__Problem statement__
Your job with the data below: print everything from the line that holds "Hotel Manasa Paradise Bangalore Esterno foto" down to the line that holds "Arsenal's goalkeeper Jens", ends included, exactly, and nothing else.

__Supplied material__
"""

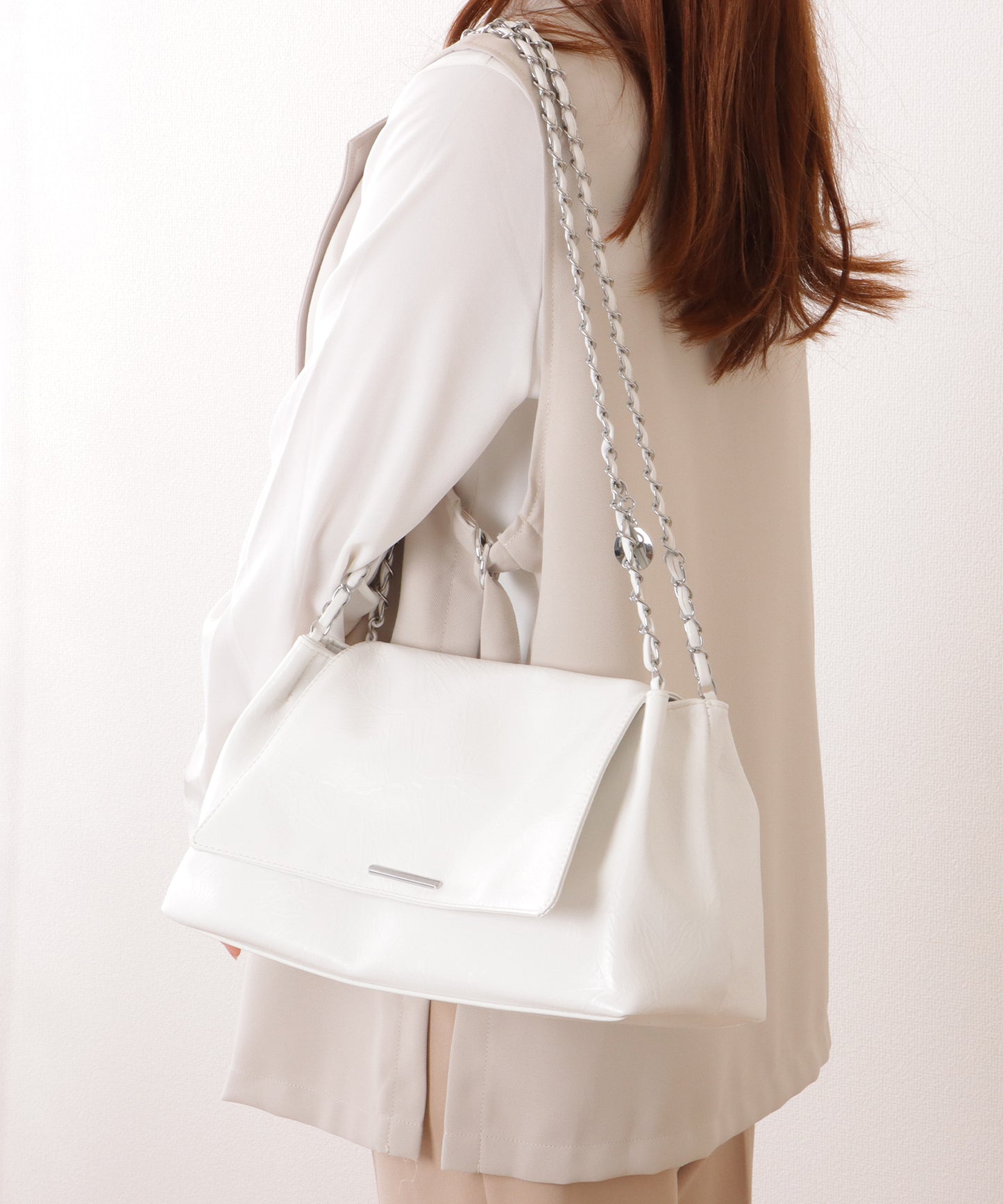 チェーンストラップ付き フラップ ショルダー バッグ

"""
"""

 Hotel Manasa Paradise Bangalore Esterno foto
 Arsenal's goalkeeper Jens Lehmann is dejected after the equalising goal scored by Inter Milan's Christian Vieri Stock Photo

"""
"""

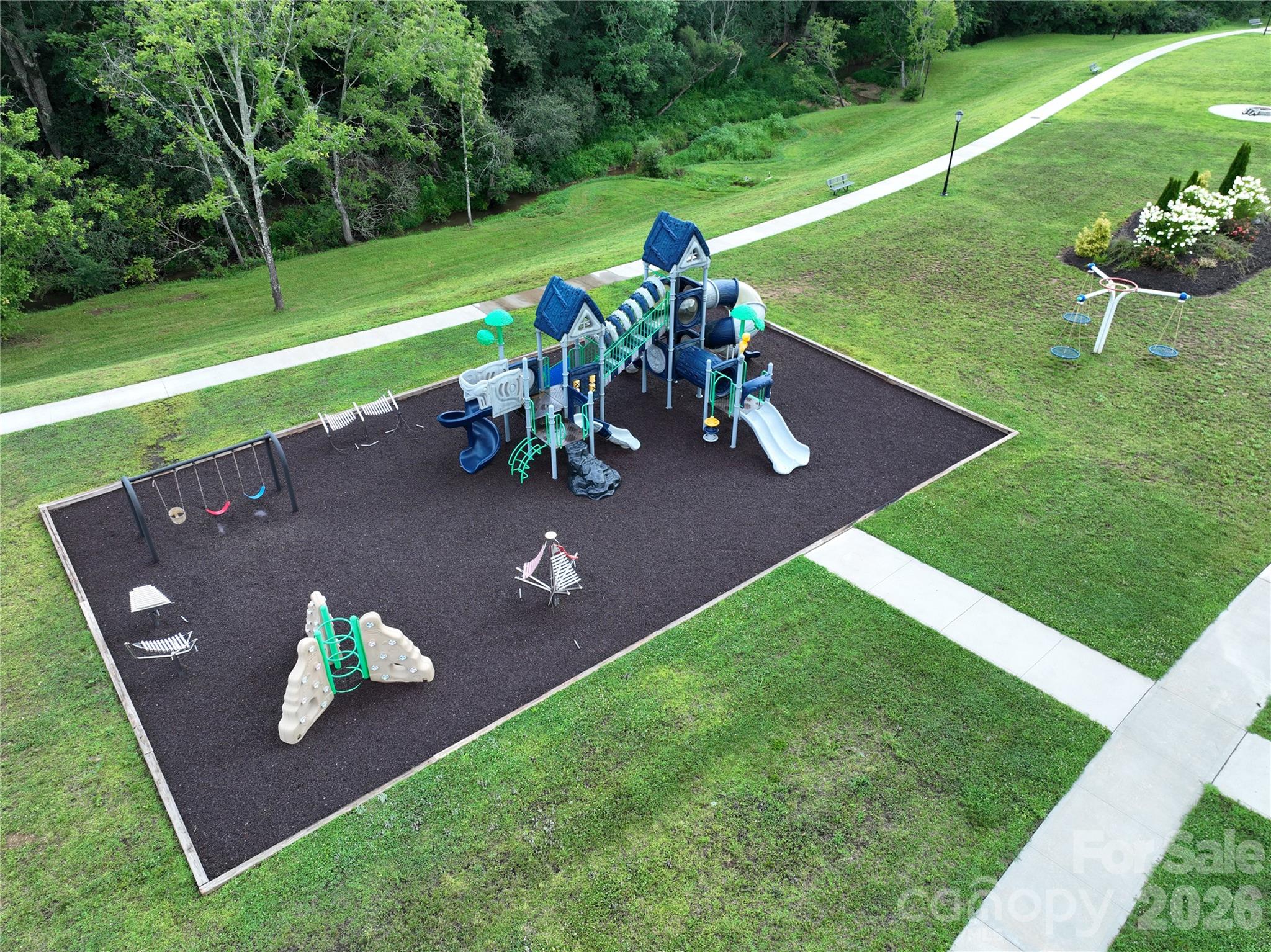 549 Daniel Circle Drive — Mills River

"""

__Response to the task__
 Hotel Manasa Paradise Bangalore Esterno foto
 Arsenal's goalkeeper Jens Lehmann is dejected after the equalising goal scored by Inter Milan's Christian Vieri Stock Photo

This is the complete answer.